Véronique se révèle, en particulier, un témoin courageux de la beauté et de la puissance de l'Amour divin, qui l'attire, l'envahit, l'embrase. C'est l'amour crucifié qui s'est imprimé dans sa chair, comme dans celle de saint François d'Assise, avec les stigmates de Jésus. «Mon épouse — me murmure le Christ crucifié — les pénitences que tu accomplis pour ceux que j'ai en disgrâce me sont chères... Ensuite, détachant un bras de la croix, il me fit signe de m'approcher de son côté... Et je me retrouvais entre les bras du Crucifié. Je ne peux pas raconter ce que j'éprouvais à ce moment: j'aurais voulu être toujours dans son très saint côté» (ibid., I, 37). Il s'agit également de son chemin spirituel, de sa vie intérieure: être dans les bras du crucifié et être aimé dans l'amour du Christ pour les autres. Avec la Vierge Marie également, Véronique vit une relation de profonde intimité, témoignée par les paroles qu'elle entend un jour la Vierge lui adresser et qu'elle rapporte dans son Journal: «Je te fis reposer en mon sein, tu connus l'union avec mon âme, et par celle-ci tu fus, comme en vol, conduite devant Dieu» (IV, 901).
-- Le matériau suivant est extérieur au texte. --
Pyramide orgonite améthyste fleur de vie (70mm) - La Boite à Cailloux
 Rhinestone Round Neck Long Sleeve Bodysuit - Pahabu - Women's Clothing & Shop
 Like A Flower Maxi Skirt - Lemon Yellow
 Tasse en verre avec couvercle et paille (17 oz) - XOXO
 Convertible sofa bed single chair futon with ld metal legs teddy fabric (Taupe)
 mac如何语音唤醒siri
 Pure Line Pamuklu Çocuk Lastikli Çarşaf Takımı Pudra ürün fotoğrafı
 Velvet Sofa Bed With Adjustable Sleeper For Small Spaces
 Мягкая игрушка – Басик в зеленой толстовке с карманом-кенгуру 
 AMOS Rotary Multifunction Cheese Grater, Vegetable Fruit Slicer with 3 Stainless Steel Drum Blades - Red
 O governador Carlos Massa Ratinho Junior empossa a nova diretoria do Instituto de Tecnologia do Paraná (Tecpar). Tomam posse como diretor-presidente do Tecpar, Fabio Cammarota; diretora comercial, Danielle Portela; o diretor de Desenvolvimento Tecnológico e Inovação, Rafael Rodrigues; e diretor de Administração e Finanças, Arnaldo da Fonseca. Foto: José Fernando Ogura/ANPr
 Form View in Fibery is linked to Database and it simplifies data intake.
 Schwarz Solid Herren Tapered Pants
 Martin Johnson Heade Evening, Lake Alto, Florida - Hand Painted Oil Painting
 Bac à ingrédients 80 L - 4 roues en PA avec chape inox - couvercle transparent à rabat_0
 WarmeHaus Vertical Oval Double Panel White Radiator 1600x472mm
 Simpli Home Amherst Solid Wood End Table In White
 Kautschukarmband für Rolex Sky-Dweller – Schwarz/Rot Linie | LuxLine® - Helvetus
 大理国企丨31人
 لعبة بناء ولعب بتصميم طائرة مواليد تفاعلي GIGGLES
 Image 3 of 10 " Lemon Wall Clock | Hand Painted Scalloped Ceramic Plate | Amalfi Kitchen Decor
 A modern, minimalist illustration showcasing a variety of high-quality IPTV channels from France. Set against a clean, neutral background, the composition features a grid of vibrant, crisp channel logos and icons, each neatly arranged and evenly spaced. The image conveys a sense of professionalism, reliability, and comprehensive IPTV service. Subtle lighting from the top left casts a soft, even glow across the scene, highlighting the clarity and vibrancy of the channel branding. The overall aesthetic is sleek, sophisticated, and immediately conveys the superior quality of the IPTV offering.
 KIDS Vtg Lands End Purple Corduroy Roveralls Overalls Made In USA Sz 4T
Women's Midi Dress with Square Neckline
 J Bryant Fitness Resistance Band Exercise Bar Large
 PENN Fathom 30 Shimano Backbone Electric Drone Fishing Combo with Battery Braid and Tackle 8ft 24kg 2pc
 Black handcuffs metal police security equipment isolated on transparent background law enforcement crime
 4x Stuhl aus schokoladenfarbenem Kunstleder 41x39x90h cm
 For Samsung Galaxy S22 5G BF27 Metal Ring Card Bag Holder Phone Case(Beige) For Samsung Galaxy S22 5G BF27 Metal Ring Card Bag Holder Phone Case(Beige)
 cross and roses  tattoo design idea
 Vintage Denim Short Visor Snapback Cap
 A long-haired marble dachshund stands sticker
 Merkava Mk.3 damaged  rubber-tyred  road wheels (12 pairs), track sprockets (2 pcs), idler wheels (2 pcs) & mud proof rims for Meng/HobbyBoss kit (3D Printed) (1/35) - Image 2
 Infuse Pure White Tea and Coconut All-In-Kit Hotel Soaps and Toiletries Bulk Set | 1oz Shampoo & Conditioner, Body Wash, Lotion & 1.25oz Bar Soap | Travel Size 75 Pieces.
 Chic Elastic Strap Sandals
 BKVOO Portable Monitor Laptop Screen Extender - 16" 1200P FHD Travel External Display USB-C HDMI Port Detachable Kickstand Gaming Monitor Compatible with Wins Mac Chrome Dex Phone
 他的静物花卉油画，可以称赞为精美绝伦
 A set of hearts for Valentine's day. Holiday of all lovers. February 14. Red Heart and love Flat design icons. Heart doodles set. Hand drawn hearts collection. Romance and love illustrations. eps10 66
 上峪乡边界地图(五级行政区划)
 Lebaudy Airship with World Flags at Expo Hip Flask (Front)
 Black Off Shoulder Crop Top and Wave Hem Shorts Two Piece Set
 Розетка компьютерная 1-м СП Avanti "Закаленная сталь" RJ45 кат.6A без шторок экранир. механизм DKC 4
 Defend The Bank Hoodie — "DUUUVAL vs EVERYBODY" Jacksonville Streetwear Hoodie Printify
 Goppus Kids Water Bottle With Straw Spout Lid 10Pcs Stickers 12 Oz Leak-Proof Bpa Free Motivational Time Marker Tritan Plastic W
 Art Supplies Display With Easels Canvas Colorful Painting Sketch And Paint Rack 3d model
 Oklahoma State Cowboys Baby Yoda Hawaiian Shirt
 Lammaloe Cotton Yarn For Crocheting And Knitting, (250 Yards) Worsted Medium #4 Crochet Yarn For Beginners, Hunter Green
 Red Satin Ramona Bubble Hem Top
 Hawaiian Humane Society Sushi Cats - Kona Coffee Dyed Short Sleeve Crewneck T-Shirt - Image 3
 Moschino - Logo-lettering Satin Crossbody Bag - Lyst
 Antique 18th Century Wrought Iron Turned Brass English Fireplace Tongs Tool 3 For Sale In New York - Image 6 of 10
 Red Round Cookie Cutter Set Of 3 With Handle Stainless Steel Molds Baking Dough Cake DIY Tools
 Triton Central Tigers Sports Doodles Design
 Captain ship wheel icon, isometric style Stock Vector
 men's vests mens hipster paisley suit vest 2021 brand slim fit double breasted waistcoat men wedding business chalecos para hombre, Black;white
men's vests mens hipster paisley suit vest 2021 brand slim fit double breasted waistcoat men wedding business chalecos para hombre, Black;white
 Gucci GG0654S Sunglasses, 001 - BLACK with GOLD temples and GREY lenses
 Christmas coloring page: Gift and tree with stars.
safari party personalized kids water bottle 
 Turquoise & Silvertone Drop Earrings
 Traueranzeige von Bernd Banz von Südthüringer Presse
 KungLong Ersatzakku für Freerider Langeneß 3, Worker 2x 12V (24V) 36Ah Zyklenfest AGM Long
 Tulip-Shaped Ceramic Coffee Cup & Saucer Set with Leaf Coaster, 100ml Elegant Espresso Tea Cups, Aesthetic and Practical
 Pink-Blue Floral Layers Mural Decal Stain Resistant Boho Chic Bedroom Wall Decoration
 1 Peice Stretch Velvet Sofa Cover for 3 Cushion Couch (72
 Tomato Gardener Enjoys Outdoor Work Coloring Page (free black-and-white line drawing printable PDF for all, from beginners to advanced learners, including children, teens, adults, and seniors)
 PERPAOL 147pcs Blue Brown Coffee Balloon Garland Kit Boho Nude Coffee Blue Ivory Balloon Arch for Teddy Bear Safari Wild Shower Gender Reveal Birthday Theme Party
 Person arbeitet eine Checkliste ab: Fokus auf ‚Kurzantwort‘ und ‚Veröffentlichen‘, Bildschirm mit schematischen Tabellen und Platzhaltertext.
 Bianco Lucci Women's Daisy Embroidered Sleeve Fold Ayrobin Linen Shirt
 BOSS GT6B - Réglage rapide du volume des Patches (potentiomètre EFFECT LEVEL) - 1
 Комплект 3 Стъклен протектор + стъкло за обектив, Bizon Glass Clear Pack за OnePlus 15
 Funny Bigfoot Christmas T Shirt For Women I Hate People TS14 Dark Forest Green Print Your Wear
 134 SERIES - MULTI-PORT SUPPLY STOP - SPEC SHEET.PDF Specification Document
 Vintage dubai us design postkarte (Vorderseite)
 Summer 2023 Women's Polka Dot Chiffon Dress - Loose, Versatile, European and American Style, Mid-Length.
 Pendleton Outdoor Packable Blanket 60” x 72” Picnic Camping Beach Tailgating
Sainte Véronique Giuliani nous invite à faire croître, dans notre vie chrétienne, l'union avec le Seigneur dans notre proximité avec les autres, en nous abandonnant à sa volonté avec une confiance complète et totale, et l'union avec l'Eglise, Epouse du Christ; elle nous invite à participer à l'amour souffrant de Jésus Crucifié pour le salut de tous les pécheurs; elle nous invite à garder le regard fixé vers le Paradis, but de notre chemin terrestre où nous vivrons avec un grand nombre de nos frères et soeurs la joie de la pleine communion avec Dieu; elle nous invite à nous nourrir quotidiennement de la Parole de Dieu pour réchauffer notre coeur et orienter notre vie. Les dernières paroles de la sainte peuvent être considérées comme la synthèse de son expérience mystique passionnée: «J'ai trouvé l'Amour, l'Amour s'est laissé voir!». Merci.
Je salue cordialement les pèlerins de langue française, particulièrement les lycéens de Toulon. Avec sainte Véronique, puissiez-vous dire de votre rencontre avec le Christ: «J'ai trouvé l'Amour, l'Amour s'est laissé voir»! A tous je souhaite une bonne préparation aux fêtes de Noël.